CASJE (The Consortium for Applied Studies in Jewish Education) today announced the launch of a major project supported by the William Davidson Foundation and the Jim Joseph Foundation for comprehensive research on the pipeline and “career arc” of educators working in Jewish education. The two-year project is supported by generous grants totaling $1.5 million from both foundations, and will yield findings to be shared broadly with the field of Jewish education and engagement.
Earlier this year, the William Davidson Foundation supported a CASJE-facilitated “Problem Formulation Convening” (PFC) with a group of educators and researchers, which generated high-priority research questions. The group identified challenges relating to the professional culture in many segments of the Jewish education sector, opportunities for advancement, and the condition of educator compensation. The PFC helped identify the three questions central to CASJE’s new project: 1) Entry: What does it take to launch a career in Jewish education? 2) On the Journey: Why do educators stay in this field and how do they grow? And 3) Mapping the Marketplace: Where are personnel shortages and saturation?

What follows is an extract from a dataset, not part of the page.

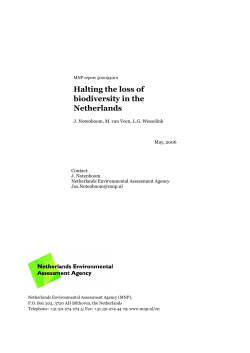 MNP rapeport 500094001 Halting the loss of biodiversity in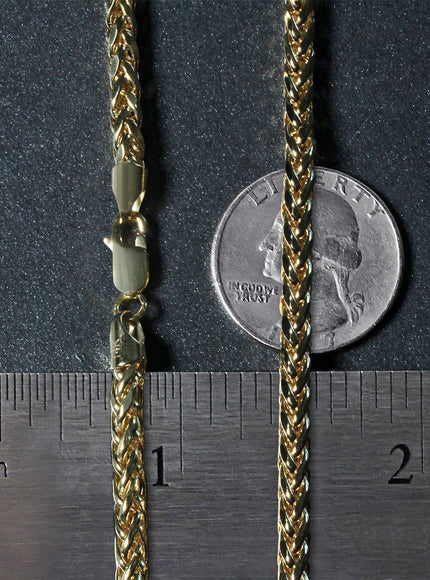 4.1mm 14k Yellow Gold Diamond Cut Round Franco Chain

The research will be overseen by CASJE and will be conducted initially by Rosov Consulting in three linked studies. First, researchers will study the career plans of people currently in the settings from which Jewish educators have tended to come, such as summer camps, longer-term programs in Israel, and college fellowships. The second study will involve a comprehensive mapping of those who work in the field of Jewish education today to understand why they stay in the field and how they grow. The third component will focus on problems faced by employers and training providers coping with personnel shortages and/or saturation.